Aussi rieuse que Priscilla, Caroline Thiery a choisi de se concentrer sur les sourires qu’ils auront laissés de leur passage. Ceux qu’ils auront envoyés, à l’envers – cette petite tête numérique, jaune et retournée, qui veut tout et rien dire en même temps (:– alors qu’ils étaient encore en mode conquête; ceux qu’ils déclencheront une fois le chagrin passé et tourné en dérision– alors transformé en mème, une image accompagnée de commentaires ou citations sarcastiques, que l’on s’envoie comme un grigri pour aller de l’avant –; ceux enfin nés de l’expérience, de la distance permise par les années ou les répétitions: si on ne peut pas changer les fantômes-fuckboys, au moins peut-on en rire.
Sur les murs du centre d’art, l’artiste a disséminé les outils d’une thérapie collective reposant sur l’humour, pour se libérer 1. des chagrins d’amour, 2. des injonctions sociales et affectives produites pêle-mêle par l’adolescence, Internet, l’industrie de la musique ou la société patriarco-capitaliste.
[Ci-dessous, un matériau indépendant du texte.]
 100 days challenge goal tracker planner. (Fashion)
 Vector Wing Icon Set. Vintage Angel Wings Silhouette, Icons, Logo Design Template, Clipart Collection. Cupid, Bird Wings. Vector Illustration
Façon Ghostbuster, Caroline Thiery est partie à la poursuite des fantômes de tous bords et en a aspiré les traces, les apparitions énigmatiques et les déguisements. Dans le Metaverse et dans ses souvenirs, elle a tenté de débusquer les formes qu’ils pouvaient prendre, hier et aujourd’hui, avant de les couler dans des installations, carnets, dessins et autres sculptures devenus trophées de chasse des spectres attrapés. Sur de grands plaids suspendus au plafond et quantité de feuilles de brouillon griffonnées comme dans l’urgence, elle reproduit des échanges sms, des images de stock archétypales, des déclarations foireuses et des citations motivantes: «ta bave n’atteint pas la colombe», «this could be us but you playin», «I <3 U, ça veut dire «je t’aime» en anglais». Autant de fragments de discours amoureux frénétiquement compilés et recomposés, qui remplissent l’espace de kitsch niaiseries et de «mots balourds» –c’est toujours Priscilla qui le dit– hautement polysémiques.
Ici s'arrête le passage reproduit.